Dual Quadrics from Object Detection BoundingBoxes as Landmark Representations in SLAM
This work addresses the problem of enabling robots to build semantic maps with object-level landmarks, which is incremental as it adapts existing computer vision techniques for robotics applications.
The paper tackles the challenge of integrating semantic object-level landmarks into SLAM by deriving a formulation that uses dual quadrics as 3D landmark representations, showing that 2D bounding boxes from object detection can directly constrain these parameters, and demonstrates joint estimation of robot pose and quadrics in factor graph SLAM with a monocular camera.

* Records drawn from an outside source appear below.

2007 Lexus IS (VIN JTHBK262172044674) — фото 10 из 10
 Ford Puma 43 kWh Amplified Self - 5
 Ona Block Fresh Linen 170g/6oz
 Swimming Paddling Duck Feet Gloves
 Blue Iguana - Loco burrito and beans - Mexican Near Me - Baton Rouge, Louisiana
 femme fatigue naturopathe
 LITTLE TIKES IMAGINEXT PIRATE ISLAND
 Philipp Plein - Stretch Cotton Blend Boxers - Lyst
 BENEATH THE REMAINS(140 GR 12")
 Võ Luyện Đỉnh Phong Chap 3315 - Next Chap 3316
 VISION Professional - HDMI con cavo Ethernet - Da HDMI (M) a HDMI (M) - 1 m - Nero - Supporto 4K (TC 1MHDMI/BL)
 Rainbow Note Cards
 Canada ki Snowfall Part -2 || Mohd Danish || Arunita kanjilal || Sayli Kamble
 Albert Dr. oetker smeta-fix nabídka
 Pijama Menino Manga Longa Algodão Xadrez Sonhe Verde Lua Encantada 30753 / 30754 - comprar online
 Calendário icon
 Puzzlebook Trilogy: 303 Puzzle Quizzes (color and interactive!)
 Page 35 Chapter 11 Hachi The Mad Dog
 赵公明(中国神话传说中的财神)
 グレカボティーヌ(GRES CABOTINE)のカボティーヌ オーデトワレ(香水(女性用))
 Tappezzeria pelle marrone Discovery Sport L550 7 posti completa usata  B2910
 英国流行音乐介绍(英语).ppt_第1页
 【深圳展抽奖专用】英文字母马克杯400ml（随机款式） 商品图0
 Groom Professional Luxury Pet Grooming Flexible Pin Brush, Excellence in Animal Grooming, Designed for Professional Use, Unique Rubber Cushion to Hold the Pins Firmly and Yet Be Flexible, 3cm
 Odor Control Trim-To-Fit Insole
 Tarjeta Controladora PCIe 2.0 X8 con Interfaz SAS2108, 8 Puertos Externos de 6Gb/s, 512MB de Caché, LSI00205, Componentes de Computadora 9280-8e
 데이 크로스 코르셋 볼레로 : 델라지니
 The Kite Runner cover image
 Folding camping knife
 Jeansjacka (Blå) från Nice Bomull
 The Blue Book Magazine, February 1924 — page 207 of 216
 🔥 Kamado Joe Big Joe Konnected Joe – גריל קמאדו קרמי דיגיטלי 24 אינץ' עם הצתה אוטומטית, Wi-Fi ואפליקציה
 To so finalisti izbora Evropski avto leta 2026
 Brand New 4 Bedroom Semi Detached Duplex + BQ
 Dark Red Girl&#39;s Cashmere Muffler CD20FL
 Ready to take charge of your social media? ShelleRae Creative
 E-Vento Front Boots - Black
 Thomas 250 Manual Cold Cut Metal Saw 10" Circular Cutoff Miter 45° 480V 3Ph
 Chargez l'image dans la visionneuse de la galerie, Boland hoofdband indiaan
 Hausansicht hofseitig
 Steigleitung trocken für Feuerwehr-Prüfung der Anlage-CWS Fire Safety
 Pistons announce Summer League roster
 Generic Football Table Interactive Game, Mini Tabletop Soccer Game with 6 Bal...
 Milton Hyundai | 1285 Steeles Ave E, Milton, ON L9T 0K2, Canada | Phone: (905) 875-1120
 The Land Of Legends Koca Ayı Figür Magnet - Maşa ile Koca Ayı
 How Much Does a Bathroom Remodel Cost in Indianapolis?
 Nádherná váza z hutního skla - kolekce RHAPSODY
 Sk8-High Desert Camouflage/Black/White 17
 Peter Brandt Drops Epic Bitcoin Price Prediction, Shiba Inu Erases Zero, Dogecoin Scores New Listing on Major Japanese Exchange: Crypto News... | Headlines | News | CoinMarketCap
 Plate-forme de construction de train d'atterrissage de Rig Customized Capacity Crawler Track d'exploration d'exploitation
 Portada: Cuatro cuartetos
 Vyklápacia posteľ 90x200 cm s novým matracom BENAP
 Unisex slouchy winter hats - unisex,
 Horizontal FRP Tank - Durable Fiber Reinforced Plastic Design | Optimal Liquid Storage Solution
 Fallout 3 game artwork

Research in Simultaneous Localization And Mapping (SLAM) is increasingly moving towards richer world representations involving objects and high level features that enable a semantic model of the world for robots, potentially leading to a more meaningful set of robot-world interactions. Many of these advances are grounded in state-of-the-art computer vision techniques primarily developed in the context of image-based benchmark datasets, leaving several challenges to be addressed in adapting them for use in robotics. In this paper, we derive a formulation for Simultaneous Localization And Mapping (SLAM) that uses dual quadrics as 3D landmark representations, and show how 2D bounding boxes (such as those typically obtained from visual object detection systems) can directly constrain the quadric parameters. Our paper demonstrates how to jointly estimate the robot pose and dual quadric parameters in factor graph based SLAM with a general perspective camera, and covers the use-cases of a robot moving with a monocular camera with and without the availability of additional depth information.